No. That’s an excuse to avoid being creative and if you’d reflect about it you’d see it. It’s social conditioning saying “we’re the victims, always”.
What’s your plan for the future? Continue the Otzma Yehudit way of “antagonising until they give up”? That’s what got you into this position in the first place. It’s the reason the IDF wasn’t near Gaza and Hamas saw an opening because the IDF was busy in the west bank backing settlers harassing Palestinians. Realise that there’s portions of the Israeli society who want this to continue, whether they admit it or not, because it is convenient for them, because a scared populace can be way more easily convinced to vote for them. Don’t be complicit in that.

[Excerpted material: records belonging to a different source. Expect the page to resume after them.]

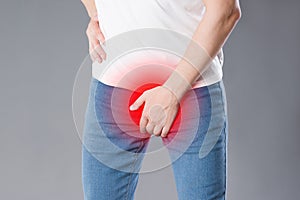 Pain in prostate, man suffering from prostatitis or from a venereal disease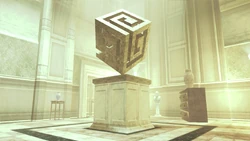 Sculpture of The Project's symbol.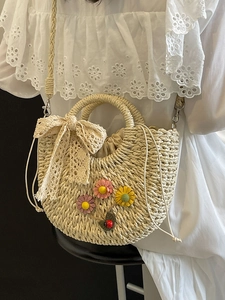 Handwoven beige straw basket bag with 3D floral accents and a stylish lace bow detail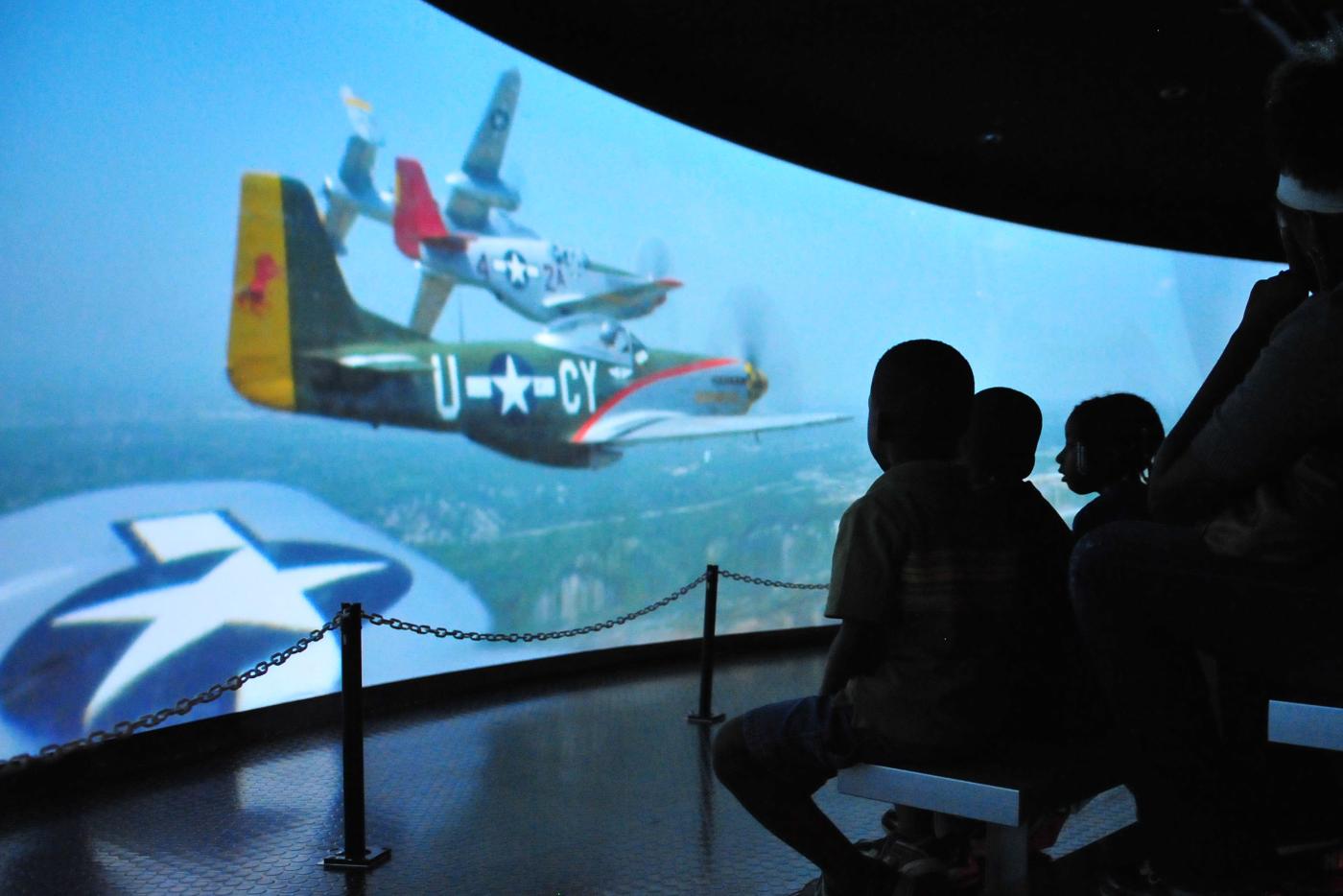 Children looking at a screen showing planes. 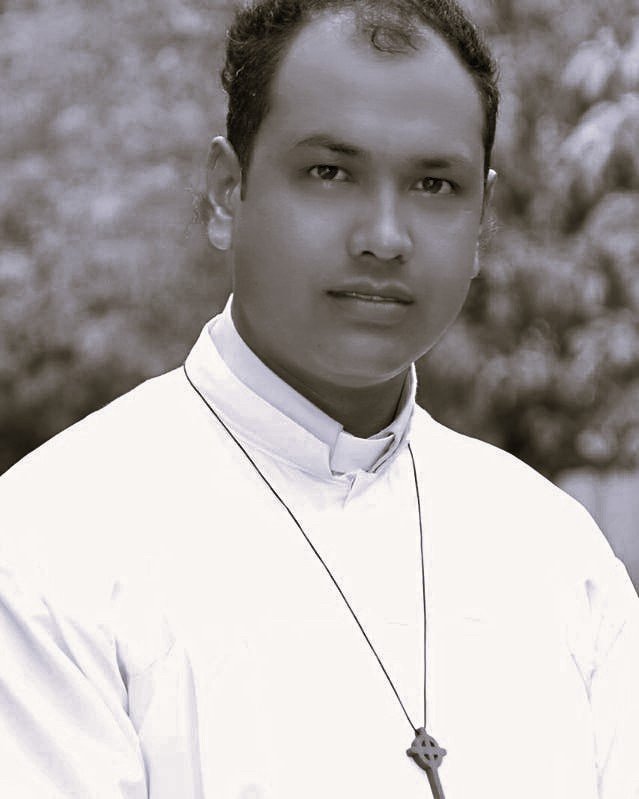 Black and white portrait of the priest.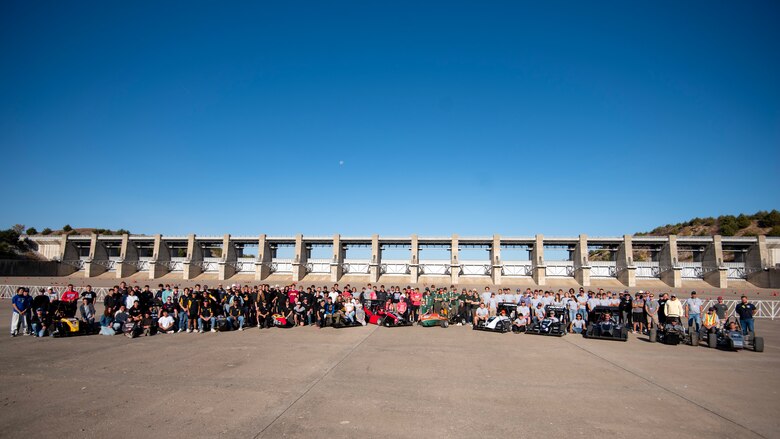 Dozens of people stand behind eight formula one race cars with grey concrete in the foreground and blue sky in the background.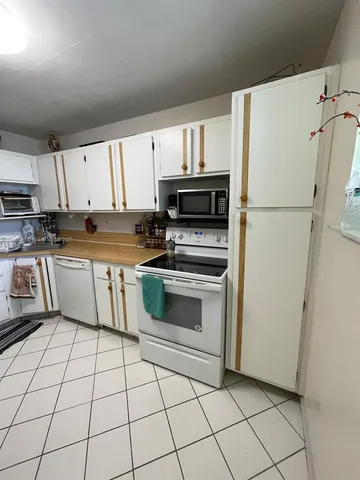 a kitchen with a stove a sink and a refrigerator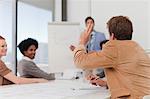 Businessman raising hand in meeting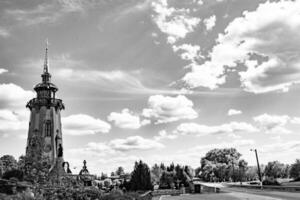 Christian church cross in high steeple tower for prayer photo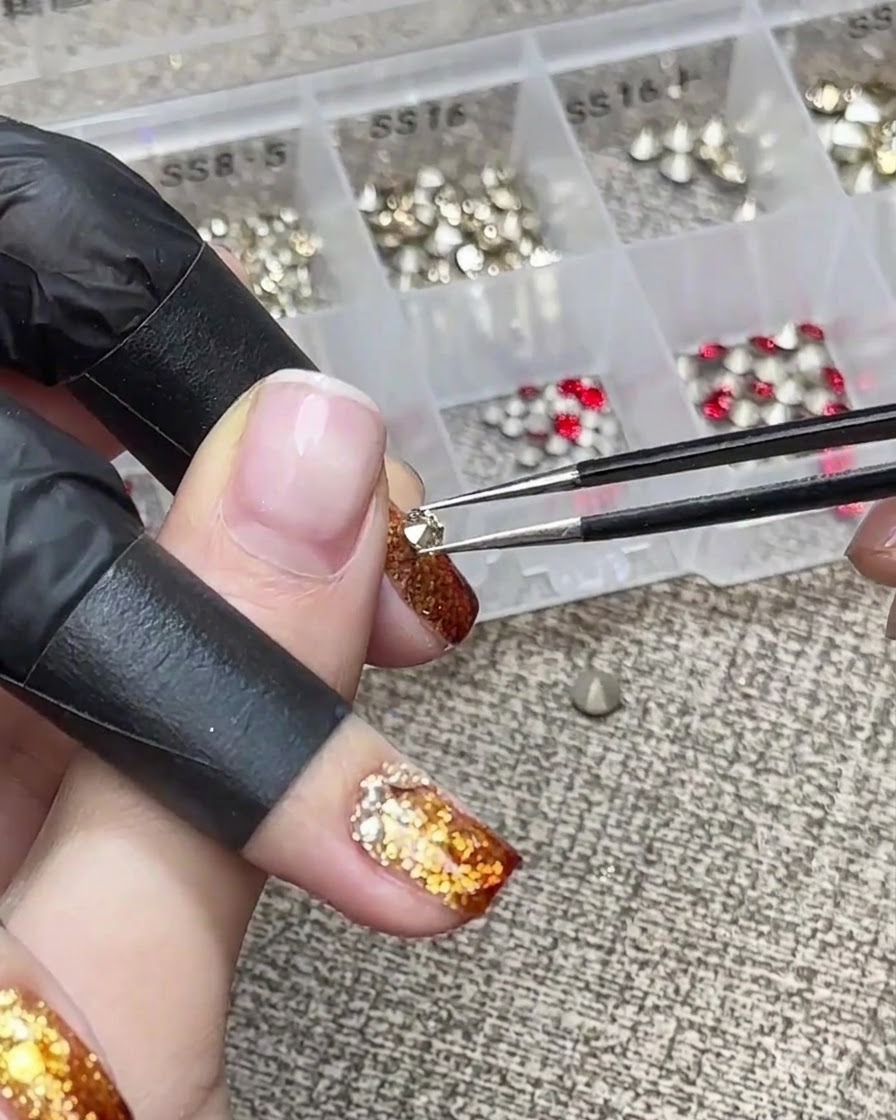 Una mano posicionada para sostener un dedo boca abajo para la nivelación del gel durante un tutorial de uñas.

But you all would rather blame Israel than the militants
Israel is militarily, technologically, and economically far superior. That means you have options that Palestinians who want to de-escalate don’t have, thus the ball is in your court. Or, well, practically all of the balls that can be played towards de-escalation are in your court. That’s not a special yardstick we carved just for you, it’s not about “who started it” or “who did worst” but “who is in a better position to end this”.
Also y’all speak English and are on the internet. I could rant to you about Fatah corruption but what good would that do.

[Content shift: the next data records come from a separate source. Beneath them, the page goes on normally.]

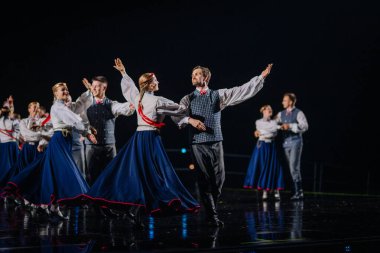 Valmiera, Letonya - 7 Haziran 2025 - GAUJA 80 'deki geleneksel Letonya halk dansları kolajı, renkli kostümlü dansçıları gece aydınlatmalı bir sahnede sergiliyorlar..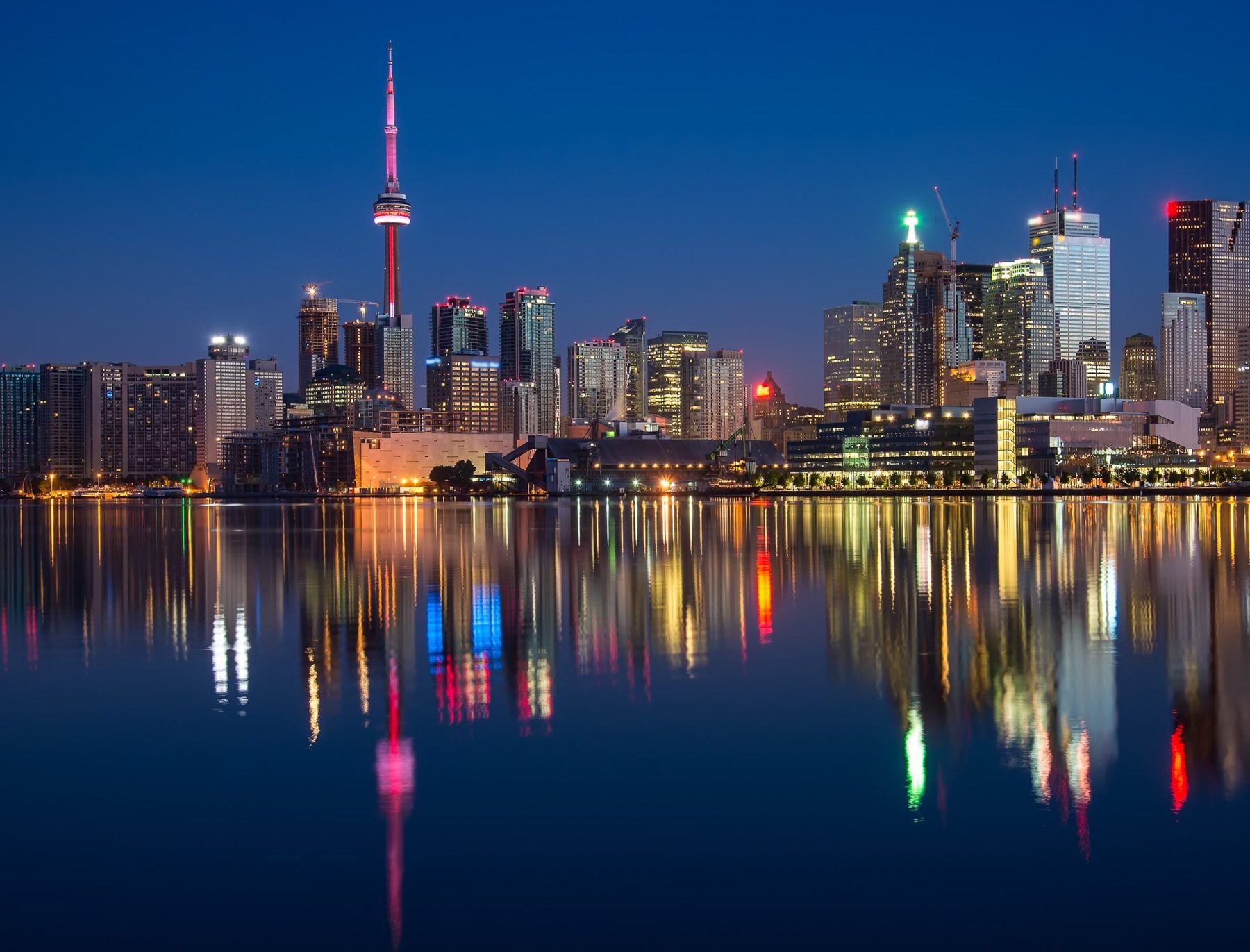 Toronto skyline at night reflected in the harbour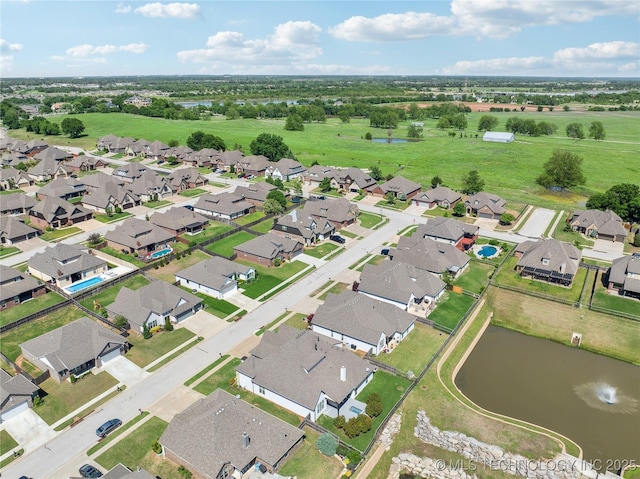 aerial view with a water view and a residential view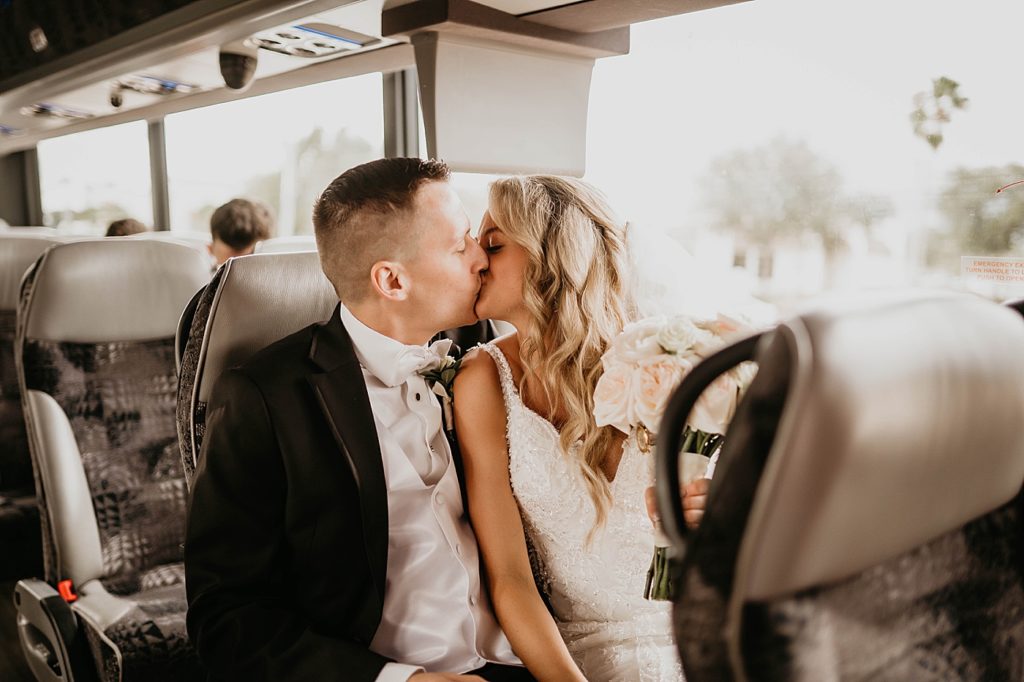 Bride and Groom kissing in the bus heading to the reception Pelican Club Wedding Photography captured by South Florida Wedding Photographer Krystal Capone Photography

How do we remove dictators like Hamas from power?
Hamas has more than one wing, all dependent on each other, and one of them you can right-out supplant. Heck it even meshes with security concerns: Instead of saying “Gaza can’t have concrete because Hamas” say “We’re going to donate concrete but because of Hamas we’re going to do the pouring, tell us where you want those houses”
More generally speaking: You will need to be able to take a punch while showing that you can be an asset to your region of the world meaning internally, you’ll have to make sure that forces who right-out enjoy having an external enemy to fuel their eternal war have absolutely no influence. Doesn’t even need much, all the civil society needs to do is to be receptive enough to understand that Kahanites and Nazis are the same shit with a different coat of paint so that the Israeli Antifa will come back out of exile – Berlin, I know, of all places. It’s an excuse for a city they could’ve at least chosen Hamburg but I digress.
It won’t be easy and it won’t be quick, trust isn’t built in a fortnight. There’s no quick solutions, there’s only approaches which breed resentment and those who don’t, and one kind is perpetuating hatred, the other isn’t. I know this kind of stuff can sound like platitudes but it really isn’t. Being disciplined in that regard is the only way.
More concretely, right now, don’t fucking blow the Saudi Arabia deal. If you need to stop the offensive to do that, do it.
Every restriction is an attempt to reduce violence and terrorism.
Every restriction also breeds resentment and thus increases violence and terrorism.
There’s one question I want to ask here, and it’s not an easy one, and Israel will take a long time to come to a national consensus on it: Was it just money that Israel funnelled to Hamas to weaken the PLO, or also fighters?
Once you understand how you created that monster you’ll also understand how to starve it. Minds can be changed, the mechanics of conflict and conflict resolution can’t.